A keyword is a word or expression that is ‘key’ in the representation of a text or information resource for the purposes of access and retrieval. The concept is related to the representation of the meaning of verbal or non-verbal content, and is used to identify important ideas and themes. In addition, it has a range of diverse purposes that include bibliometric studies, indexing and retrieval. Therefore, it can be considered as ‘the documentary representation with a higher degree of condensation than the title and abstract’ (Fujita and Tartarotti, 2020: 337).
The product of documentary representation, whether a keyword or a descriptor, is housed in metadata to be retrieved. Metadata is descriptions that are specifically created to represent digital information accessible on the Internet (Chu, 2010: 41). Keyword searching, on the other hand, is one of the main information retrieval techniques. Through natural language, people can describe the same thing in different ways, making the words used in the query different from those used in the documents and thereby preventing word matching and, consequently, the retrieval of relevant documents. There are other limitations, such as when a term has more than one meaning; different terms have the same meaning; or the query has a high recall, retrieving a long list of documents. Netizens with little knowledge of what they are looking for find it more difficult to formulate a query that recalls relevant documents.

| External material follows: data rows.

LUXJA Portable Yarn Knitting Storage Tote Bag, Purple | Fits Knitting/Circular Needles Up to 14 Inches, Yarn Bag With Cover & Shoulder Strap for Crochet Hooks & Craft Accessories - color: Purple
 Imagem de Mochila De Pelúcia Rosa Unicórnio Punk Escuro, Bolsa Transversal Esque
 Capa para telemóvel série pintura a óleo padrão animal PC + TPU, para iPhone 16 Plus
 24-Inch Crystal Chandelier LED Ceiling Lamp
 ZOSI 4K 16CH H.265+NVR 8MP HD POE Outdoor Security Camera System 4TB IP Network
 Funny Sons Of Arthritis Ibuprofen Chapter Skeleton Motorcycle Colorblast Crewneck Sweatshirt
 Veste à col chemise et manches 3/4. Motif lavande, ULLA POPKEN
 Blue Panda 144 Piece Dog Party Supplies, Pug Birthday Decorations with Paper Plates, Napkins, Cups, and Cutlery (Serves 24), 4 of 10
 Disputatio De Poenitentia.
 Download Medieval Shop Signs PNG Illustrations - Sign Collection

Natural language is used in writing and speech; it is words that, in an organized way, convey a message from the sender to the receiver. The indexing carried out with this type of language leads to information retrieval through expressions used by the user. The reading carried out by the information professional can be performed superficially – focusing on the title, abstract or initial and final paragraphs of the text – or in a detailed manner – removing blocks of information from the text, which will also result in the selection of keywords.
Artificial, documentary or controlled language is constructed by a specialized professional; it is elaborated according to the established rules of a specific controlled vocabulary with the purpose of describing the content of a document in a simple way and the aim of storage uniformity, as well as the easy retrieval of the information. It is the information professional’s responsibility to build representation languages that best meet user demands and also adapt to the needs of different organizations in different social sectors (Tonello et al., 2012).
In the case of subject as well as other databases, it is possible to verify whether vocabulary control was used for representation in the indexing or the search. Information, to be retrieved properly, must be organized and represented in the most faithful way possible to comply with the information content of the document and the needs of the user. This process takes place through the elaboration of information products, such as summaries, classification numbers, keywords and descriptors.
Methodological procedures
In order to fulfil the objective of investigating how university repositories guide subject representation in the self-archiving of their information resources, the methodology adopted to carry out this study had a descriptive exploratory character of a qualitative nature and applied two methods: (1) an electronic exploratory analysis to survey and identify self-archiving and subject representation guidelines in Brazilian repositories and (2) an analysis of transcripts from an introspective technique called Individual Verbal Protocol applied at the moment the authors performed the self-archiving of their theses and dissertations.
Electronic exploratory analysis
For universities to give visibility to their scientific production, their institutional repositories need their operating policies or tutorials to consider the quality of subject representation. Thus, for access to be effective and netizens’ needs to be met, the process of subject representation should be clearly delimited in tutorials that guide authors during self-archiving.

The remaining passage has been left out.